O texto cria nova faixa etária de classificação, a dos 16 anos, e prevê punições baseadas no Estatuto da Criança e do Adolescente.
Os programas de auditório que são apresentados ao vivo devem ser notificados pelo ministério para que suas atrações sejam adequadas ao horário de exibição.
Reynaldo Jardim, gerente de programação do setor de classificação do ministério, afirmou que ele e sua equipe irão assistir aos programas ao vivo para definir a classificação. ‘Existem muitas atrações inadequadas atualmente. A ‘Banheira do Gugu’, por exemplo, só poderia ser exibida após as 22h’, disse Jardim.
O quadro faz parte do ‘Domingo Legal’, apresentado por Gugu Liberato, a partir das 15h30, no SBT. Na atração, as modelos, vestidas de biquíni, ficam dentro de uma banheira tentando pegar vários sabonetes que são jogados na água. Os homens, de sunga, tentam impedi-las. ‘A brincadeira nem é tão problemática. O pior são os closes que as câmeras dão nas meninas. Se continuar assim, vai ter de mudar de horário.’
O apresentador Gugu Liberato deve chegar hoje à noite da Europa e informou, por meio de sua assessoria, que vai esperar a notificação do ministério e irá cumprir o que for determinado.
Outro programa que deve ter problemas com a nova portaria é o ‘Festa do Mallandro’, que é exibido aos sábados, a partir das 16h.

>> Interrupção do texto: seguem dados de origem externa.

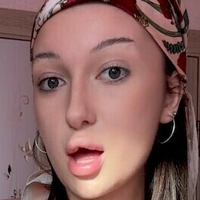 mary_del_rey Çıplak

A atração costuma mostrar modelos seminuas e é famosa pelas ‘pegadinhas’, que sempre terminam em briga. ‘O programa não é transmitido em Brasília, já que a Gazeta não é rede nacional. Mas vamos solicitar as fitas para poder classificá-lo’, afirmou Jardim.

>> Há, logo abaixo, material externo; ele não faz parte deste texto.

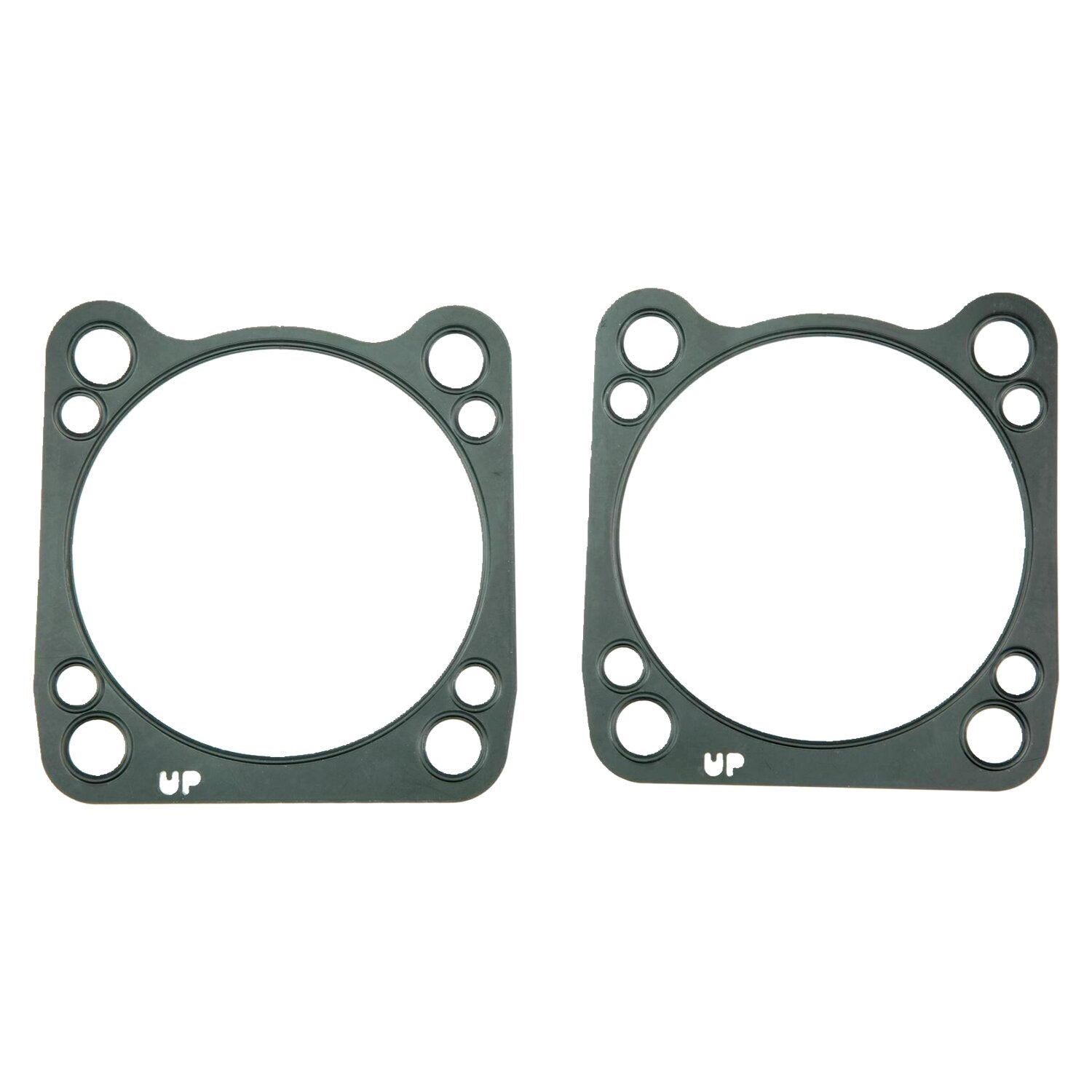 Cometic cylinder base gasket set .014" RCS Gen2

Segundo a assessoria da Gazeta, a direção de ‘Festa do Mallandro’ vai acatar as decisões do Ministério da Justiça.
Luiz Gleiser, diretor do ‘Domingão do Faustão’, da Globo (16h), afirmou que não acredita que o programa tenha problemas com a nova portaria. ‘A Globo já tem um classificação interna, e o ‘Domingão’ segue os padrões determinados para o horário.’
Fábio Furiatti, diretor do ‘Programa do Ratinho’, do SBT (21h), também afirma não estar preocupado com a nova lei. ‘Acho que não há nada de inadequado. Estamos dispostos a mudar, se for preciso. Mas é importante que todos tenham de seguir as mesma regras. Se não podemos mostrar sexo, as novelas da Globo também não podem. Vamos ficar muito atentos a isso’, disse."